It has been an amazing 8 weeks of discovery, adventure, and friendship (would you like some mozzarella with your cheese?); all culminating with a research symposium, quasars, and the macarena… yeah that dance still exists.

About halfway through my research position, I decided that I wanted to do more than run someone else’s code in order to search for highly variable active galactic nuclei. Up to that point, I had heard that it would be very good to learn Python because it was becoming more and more relevant in astronomy and was beginning to replace IDL. I asked Dr. Barth if he would be ok with me taking time off of using the original methodology that was being used to analyze images from the Palomar Transient Factory in order to figure out a way to make Python do a major streamlining of the processes. Dr. Barth was incredibly encouraging of me doing this and said it would be fine to dedicate myself to the Python streamlining project full-time.

Learning to code in Python was a blast! The desire to create machinery to do a job for you is incredibly fun, especially when it works. When it doesn’t work though, which is 97.86% of the time, it is still fun because of the challenge of figuring out where you went wrong. A friend once told me that coding is like talking to the dumbest human being ever imagined. Every instruction must be explained word for word, without a single missing detail, and everything is taken literally. Concocting a set of instructions to make this “incompetent” human execute my desires made time fly like nothing else. Within two weeks, the function agnstreamlining() was born in it’s infancy, taking me from outputting 5-8 light curves a day to as many as 30. One week later, it matured into a not-as-high-maintenance-child capable of outputting as many as 300 light curves a day. One more week and my agnstreamlining module was not only outputting the light curves of every list of AGNs I gave it, but also outputting statistics, eliminating outliers/bad data, and organizing every light curve into a database based on standard deviation and error calculations so that I could find the absolute best AGNs without too much of a hassle. Needless to say, I am the proud father of a little monster named agnstreamlining.

Meanwhile, lots of adventures took place. There were many trips with my Floridia mates who seemed in awe at just how much better California is than Florida; the Long Beach and Disneyland trips were a riot. Katy Wimberly and I had the opportunity to watch Dr. Elliot Young perform a remote observation on Pluto using the Keck telescopes from the remote observation room at UCI.  The remote observing was incredibly exciting even though the result was just a few pixels on screen representing Pluto and Charon. Dr. Young explained a lot about some of the fascinating knowledge about Pluto, such as how much Pluto’s surface shifts within a short time span, it’s strange chemical makeup, and the cosmic dance Pluto does with Neptune in order to remain in a stable orbit.

The research symposium was the last day of the program. My research presentation went great as did those of all my friends from the SURF program. It was my first time doing a PowerPoint talk for a reason other than earning a letter grade for a class. There was the added difficulty of needing to present to a general audience which included non-STEM majors. I can assure you that much picture-painting took place. The experience really opened my eyes to what it takes to explain complex concepts in Physics in a succinct way in order to get through to presenting my actual findings within a 10 minute talk and then having the audience actually understand what I said by the end.
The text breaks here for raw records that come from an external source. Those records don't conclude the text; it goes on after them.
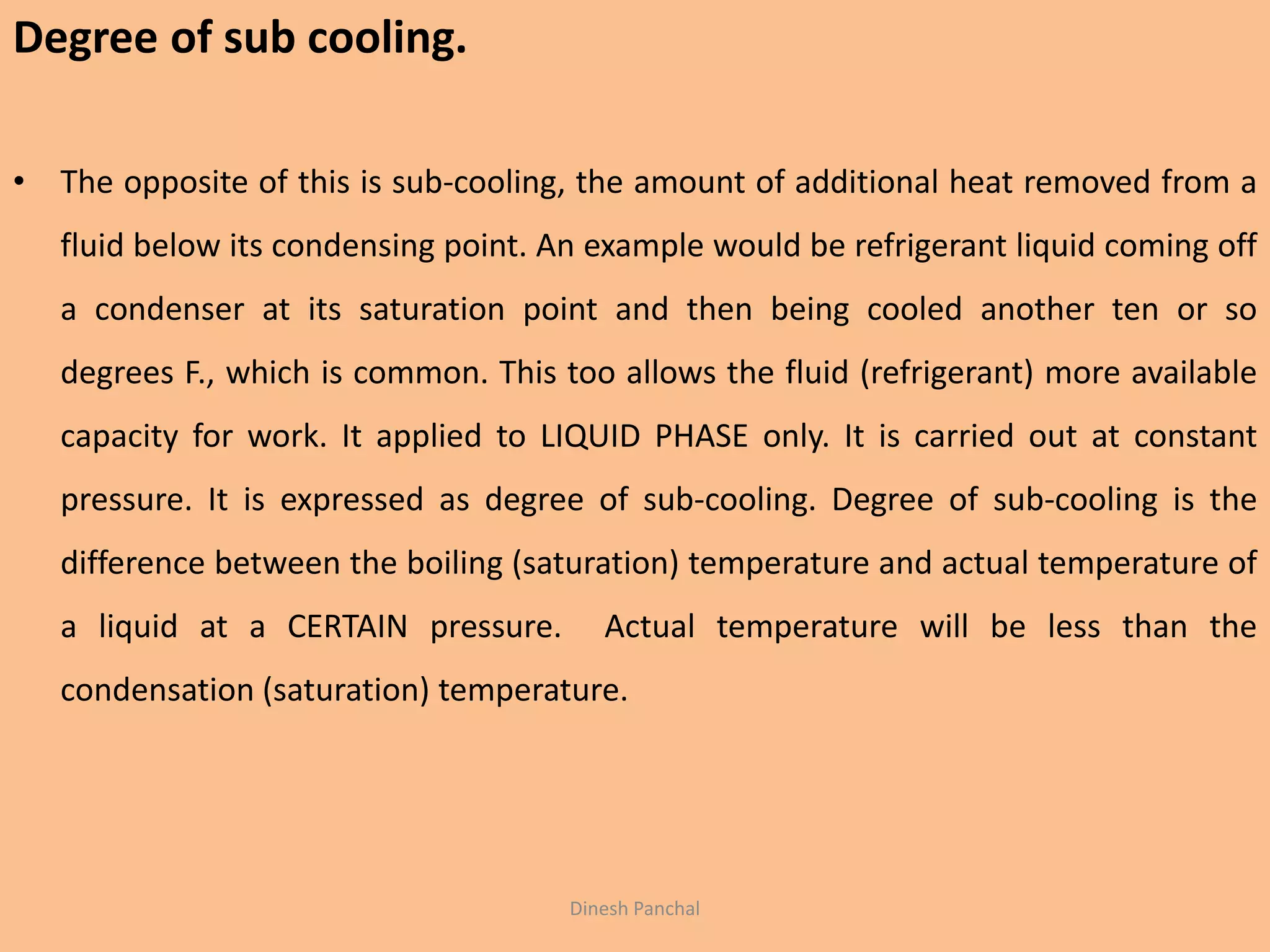 Dinesh Panchal
Degree of sub cooling.
• The opposite of this is sub-cooling, the amount of additional heat removed from a
fluid below its condensing point. An example would be refrigerant liquid coming off
a condenser at its saturation point and then being cooled another ten or so
degrees F., which is common. This too allows the fluid (refrigerant) more available
capacity for work. It applied to LIQUID PHASE only. It is carried out at constant
pressure. It is expressed as degree of sub-cooling. Degree of sub-cooling is the
difference between the boiling (saturation) temperature and actual temperature of
a liquid at a CERTAIN pressure. Actual temperature will be less than the
condensation (saturation) temperature.
 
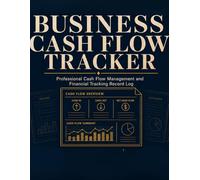 Business Cash Flow Tracker: Professional Cash Flow Management and Financial Tracking Record Log
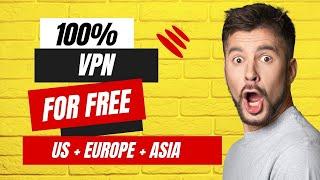Best Free VPN 2024 Reliable Fast & Secure
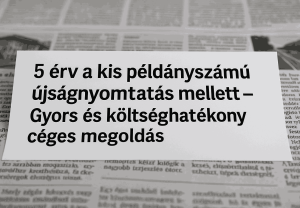 Újság 1 Kézben tartott kis példányszámú újság digitális nyomdai környezetben. A képen a szöveg: 5 érv a kis példányszámú újságnyomtatás mellett – Gyors és költséghatékony céges megoldás.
The night ended with a healthy house celebration which included great conversation, good beer, good vibes, salsa dancing, and, of course, the macarena. The following morning featured emotional good-byes and nostalgia to last me longer than I’d like. That afternoon featured a great lunch gift with my mentor’s research group and another bout of professional, yet emotional goodbyes. With that, my summer has come to an end from the initial to final phases of my “summer system.” I have gained an amazing collection of experiences in the process and take it as an interesting coincidence that the sorority house we lived in was labeled ΔΔΔ.